It means that the first heater 212A and the second heater 212B are
heaters respectively having different heat gradient in the width
direction, like the heater A and the heater B as shown in FIG. 13.
The first heater 212A has a feature that it has a maximum heat
gradient near a center portion in the width direction and the heat
gradient falls toward both end portions in the width direction. On
the other hand, the second heater 212B has a feature that it has
the maximum heat gradient at the both end portions in the width
direction and the heat gradient falls toward the center portion in
the width direction.
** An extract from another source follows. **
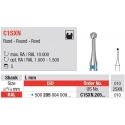 Фреза TC Burs RAL Cross cut C1SXN Round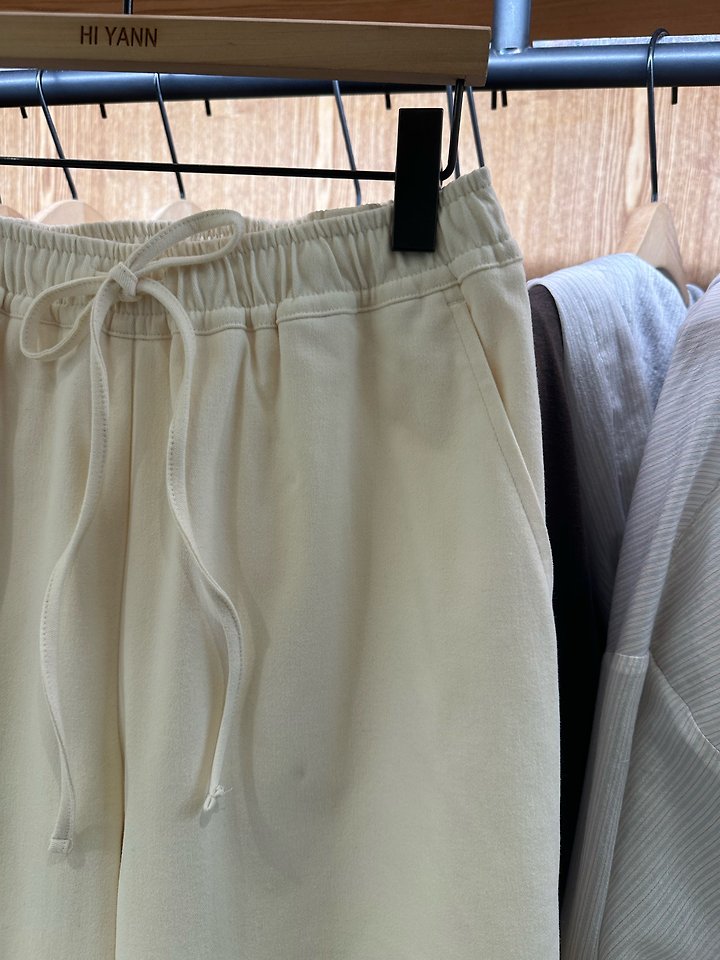 Peach Zara Banding Pants by Hiyann for Women - view 2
By controlling heating operation of the two
heaters, it is possible to cope with the temperature unevenness
caused in the width direction.
On a back side (back surface) of the heater 212A, a thermistor 213A
which operates as a first temperature sensor, a thermistor 213B
which operates as a second temperature sensor, and a thermistor
213C which operates as a third temperature sensor are respectively
arranged in order along an orthogonal direction of the conveying
direction of the paper P. Further, when supplying power, the heater
212 generates heat to heat the fixing film 211 from inside. Signals
relating to the temperature detected through each thermistor are
input into the control circuit part 100 as detected temperature
information. The control circuit part 100 controls an energization
amount of the heater 212 such that the detected temperature
information input from each thermistor is maintained at a
predetermined fixing temperature. Note that, based on where to
detect the temperature, each temperature detection unit of the
thermistors 213A, 213B, and 213C is sometimes referred to as a
front end portion temperature detection unit 213A, a center portion
temperature detection unit 213B, and a deep end portion temperature
detection unit 213C in order. Further, each thermistor is arranged
so that an interval between the thermistor 213A and the thermistor
213B is shorter than the interval between the thermistor 213B and
the thermistor 213C.
FIG. 4 is a control block diagram for explaining an example of a
functional configuration of an image forming apparatus 1. The
control circuit part 100 comprises a central processing unit (CPU)
101, a random access memory (RAM) 102, a read only memory (ROM)
103, and an input/output (I/O) 104.
The CPU 101 reads a control program stored in the ROM 103 and data
stored in the RAM 102 according to signals input into the I/O 104.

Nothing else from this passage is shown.